Using the listing below, print the line containing "OLANLY Small Bathroom", the line containing "Caneca De Café", and each line between them, exactly and nothing else. Pictures stay out of the print.

• [DATA TO USE]
==========

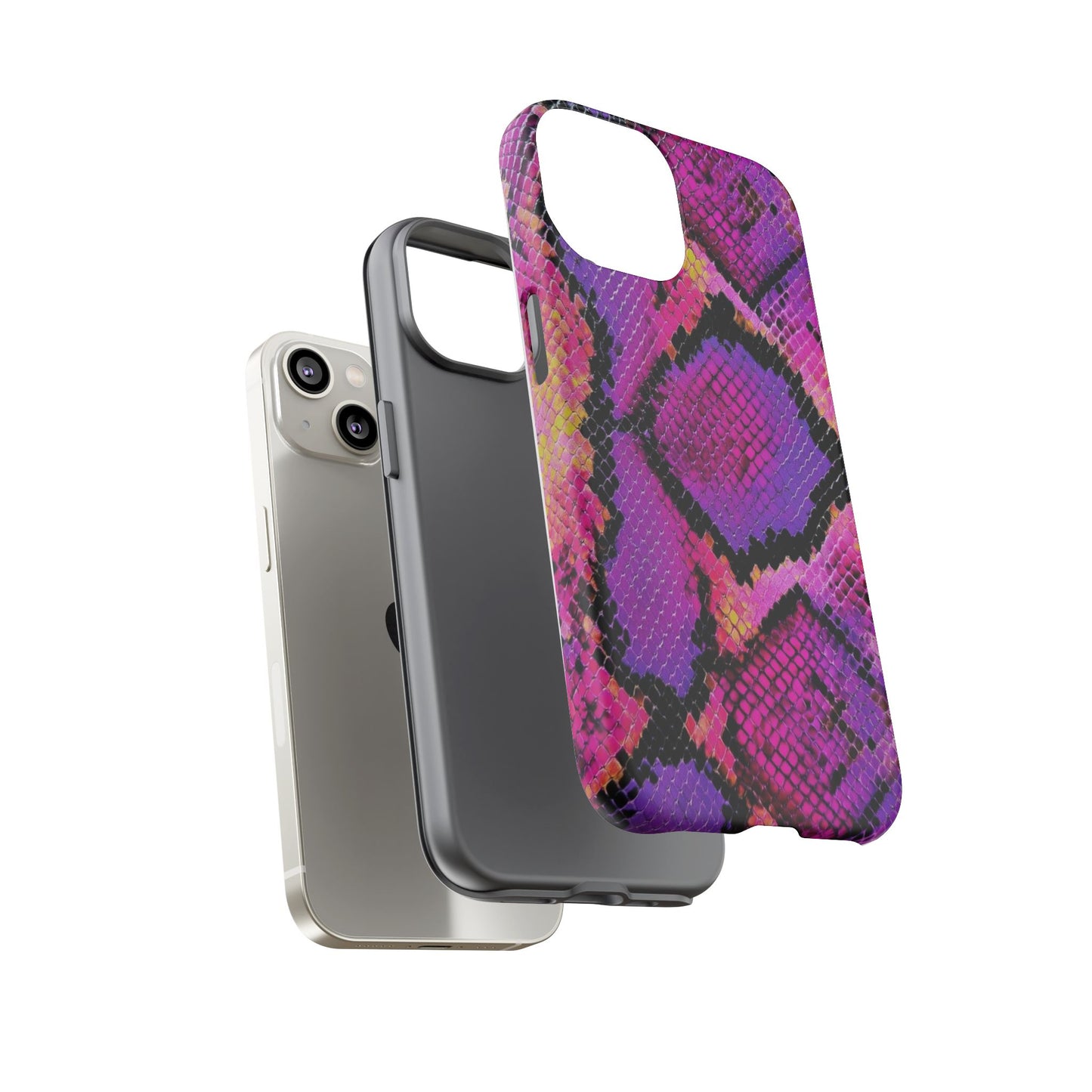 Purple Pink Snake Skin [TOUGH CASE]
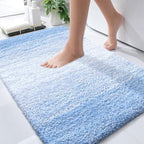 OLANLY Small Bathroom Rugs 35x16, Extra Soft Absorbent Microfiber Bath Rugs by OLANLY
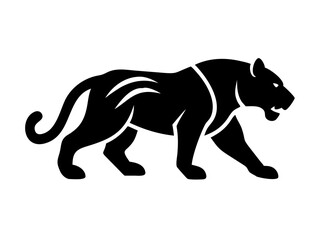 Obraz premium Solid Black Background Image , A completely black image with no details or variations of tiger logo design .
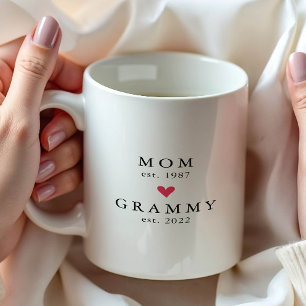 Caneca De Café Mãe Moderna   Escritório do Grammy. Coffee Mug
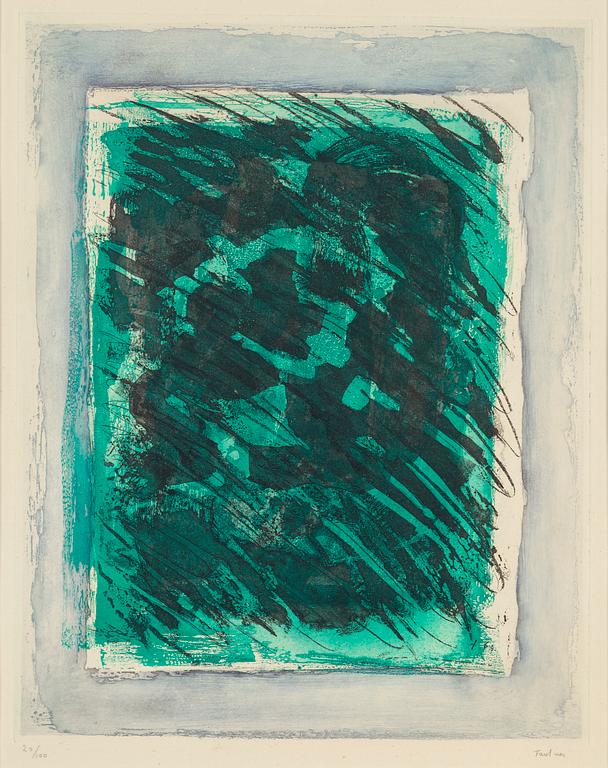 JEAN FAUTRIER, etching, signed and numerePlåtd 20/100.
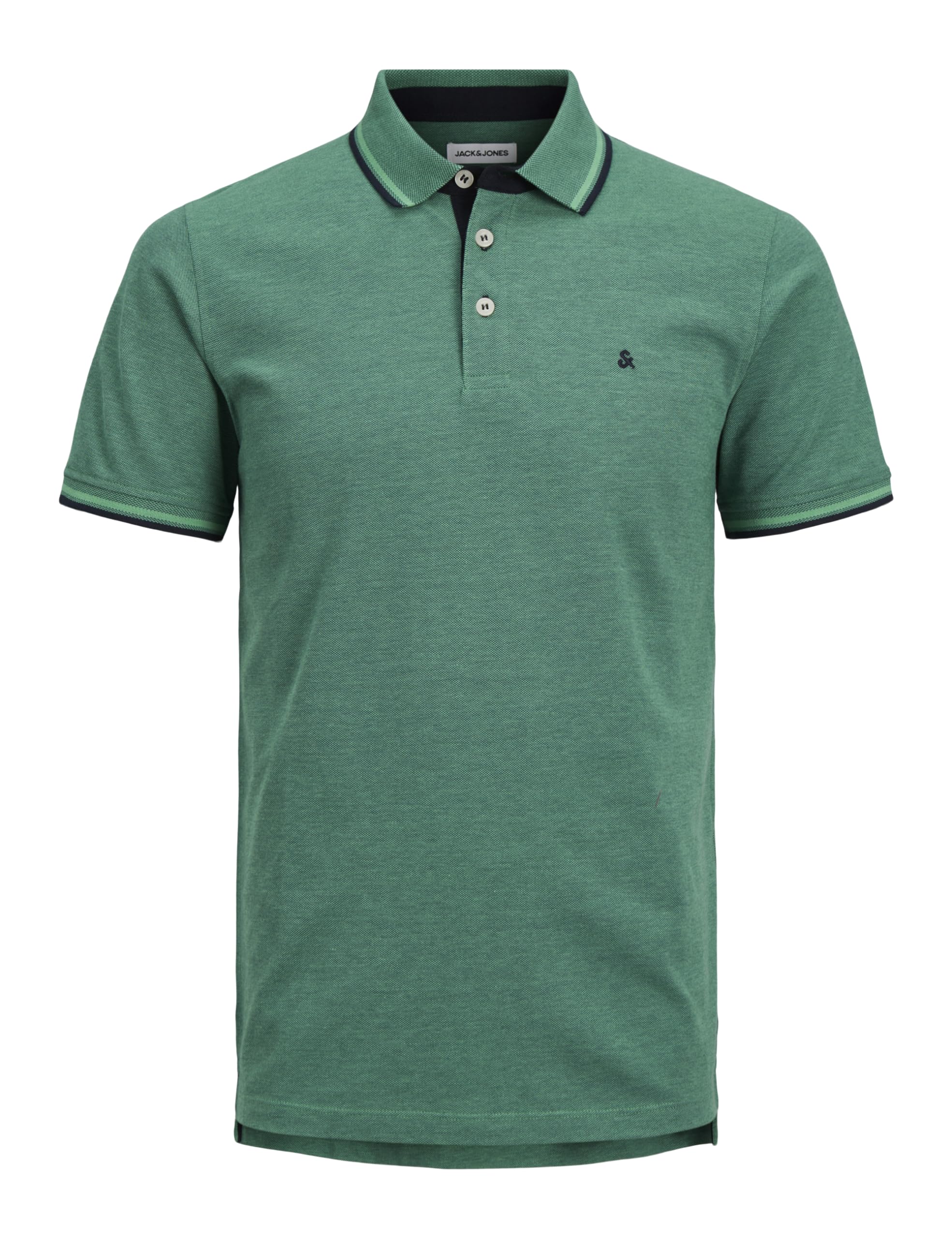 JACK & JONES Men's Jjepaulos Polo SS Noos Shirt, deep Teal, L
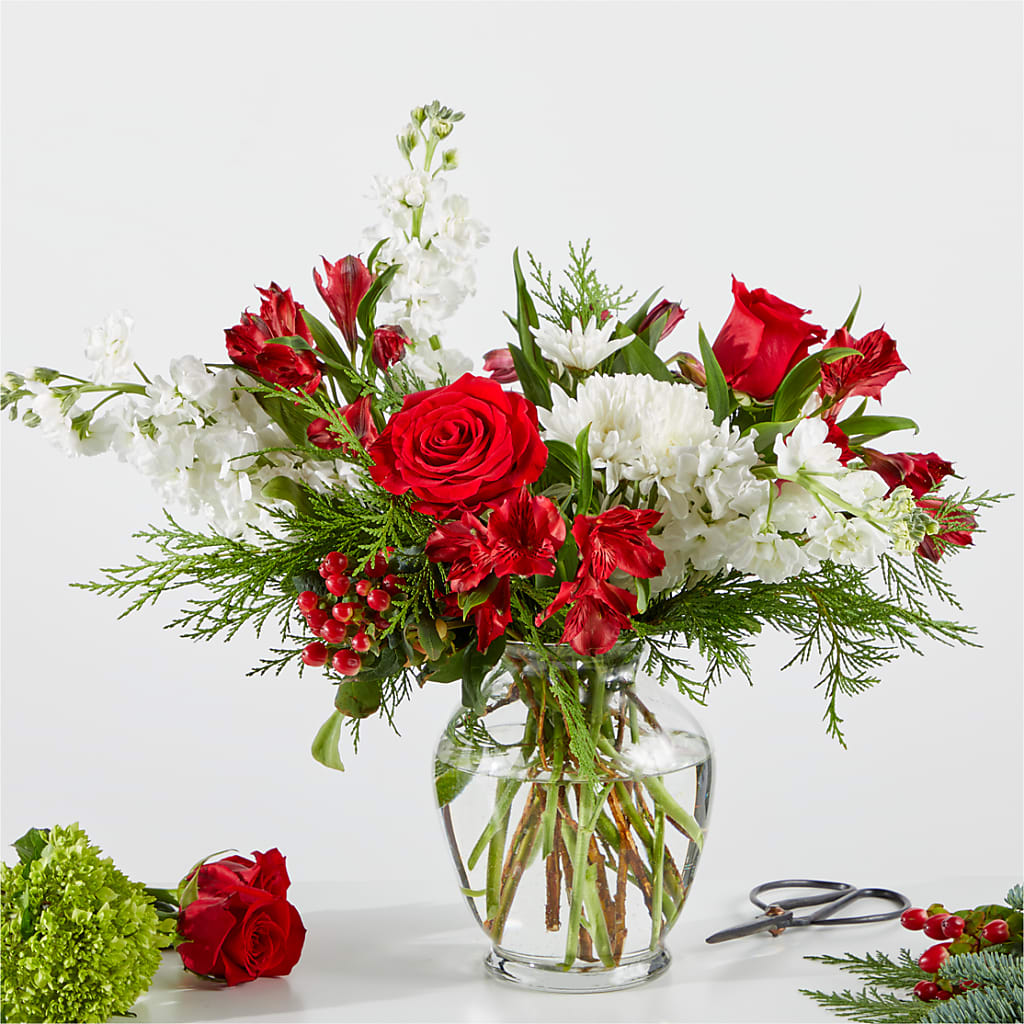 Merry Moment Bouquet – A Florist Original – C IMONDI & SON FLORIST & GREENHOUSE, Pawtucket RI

==========

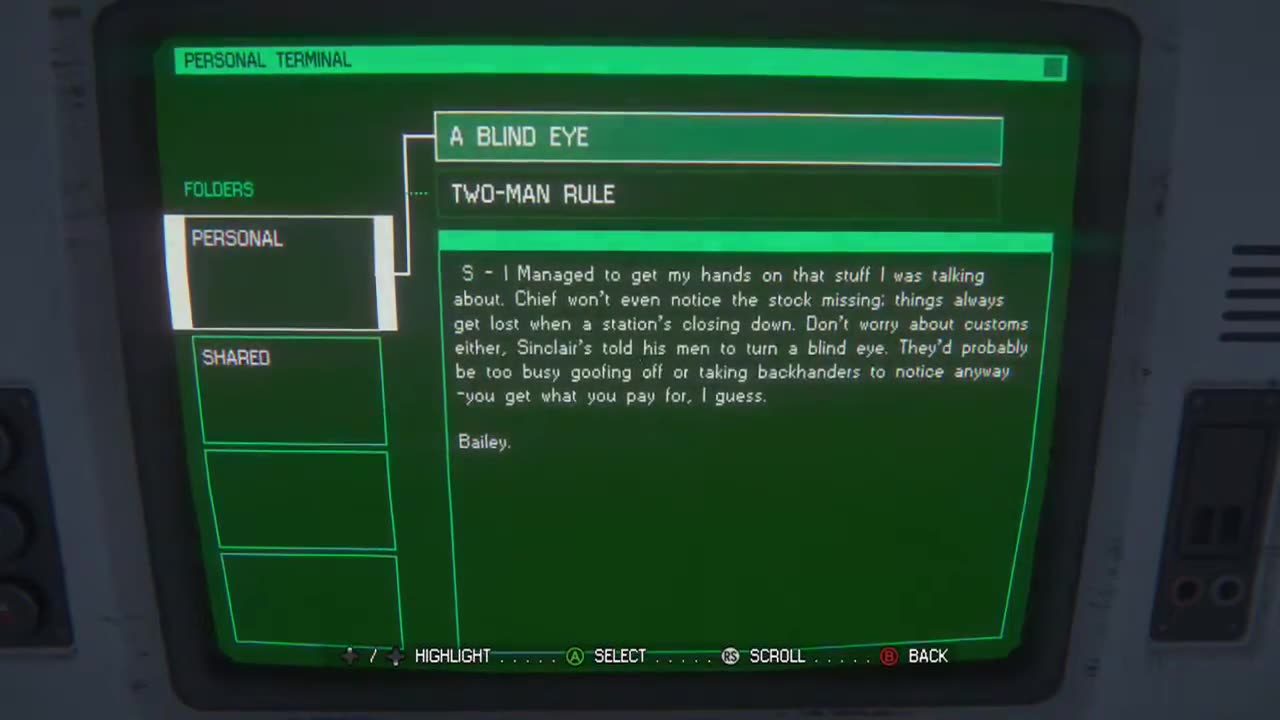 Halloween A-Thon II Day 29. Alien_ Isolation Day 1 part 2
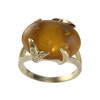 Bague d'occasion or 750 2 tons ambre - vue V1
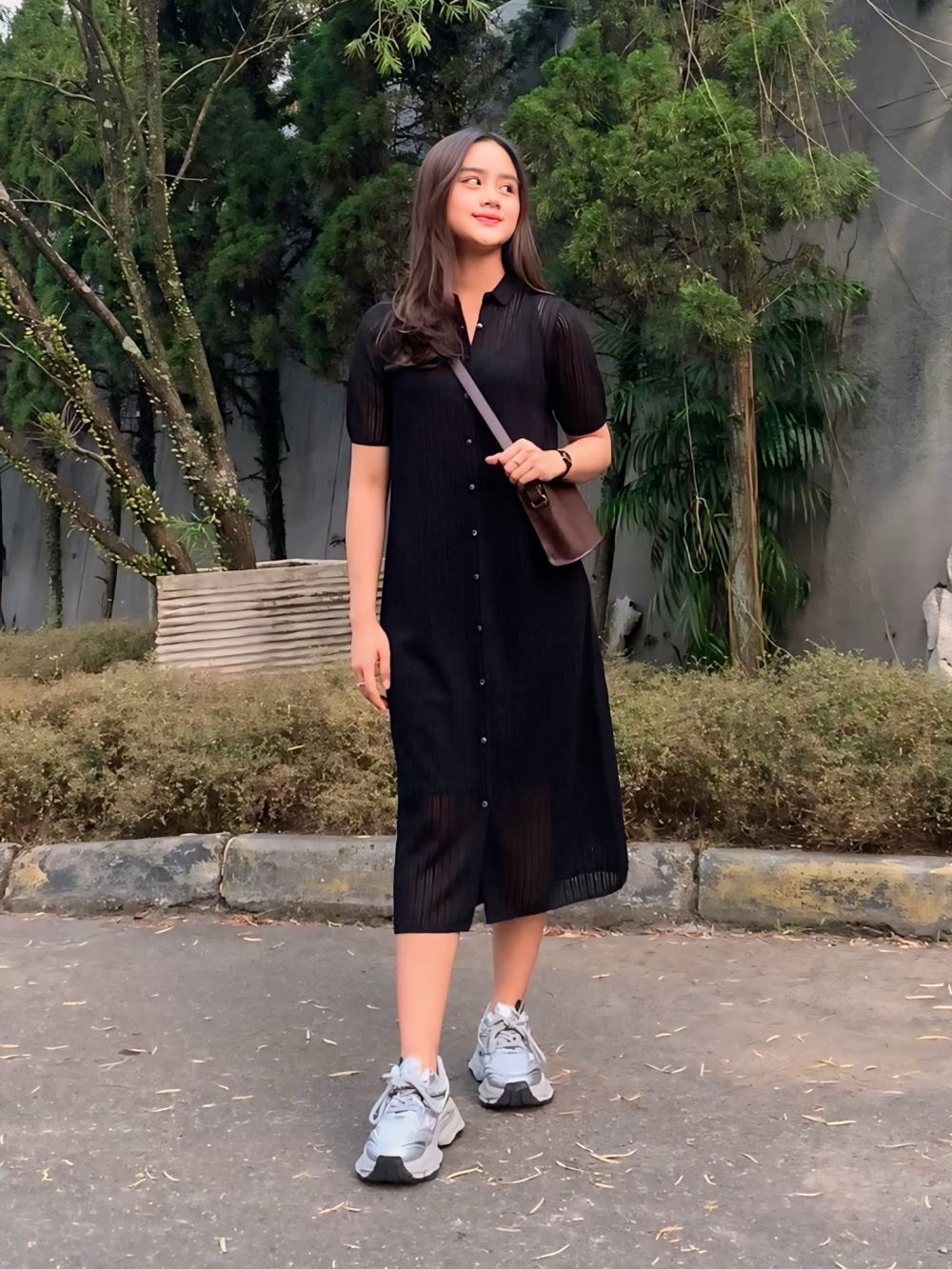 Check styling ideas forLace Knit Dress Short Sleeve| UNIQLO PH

==========

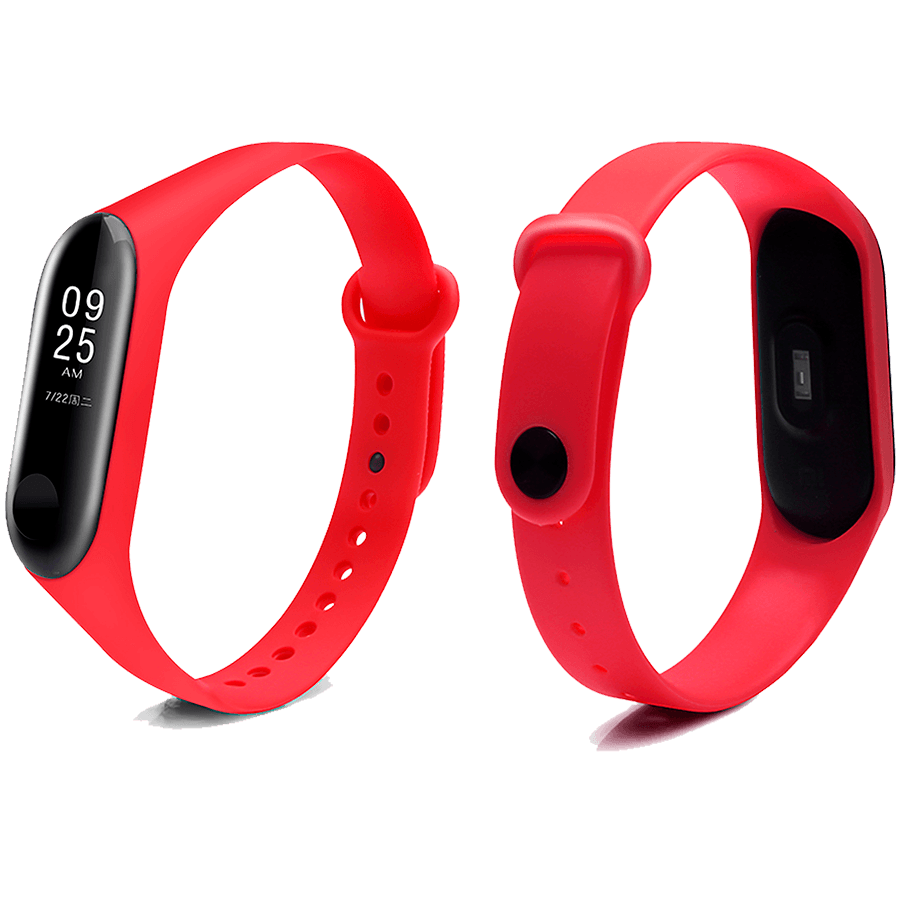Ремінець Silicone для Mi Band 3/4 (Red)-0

==========

• [COMPLETED TASK]
 OLANLY Small Bathroom Rugs 35x16, Extra Soft Absorbent Microfiber Bath Rugs by OLANLY
 Obraz premium Solid Black Background Image , A completely black image with no details or variations of tiger logo design .
 Caneca De Café Mãe Moderna   Escritório do Grammy. Coffee Mug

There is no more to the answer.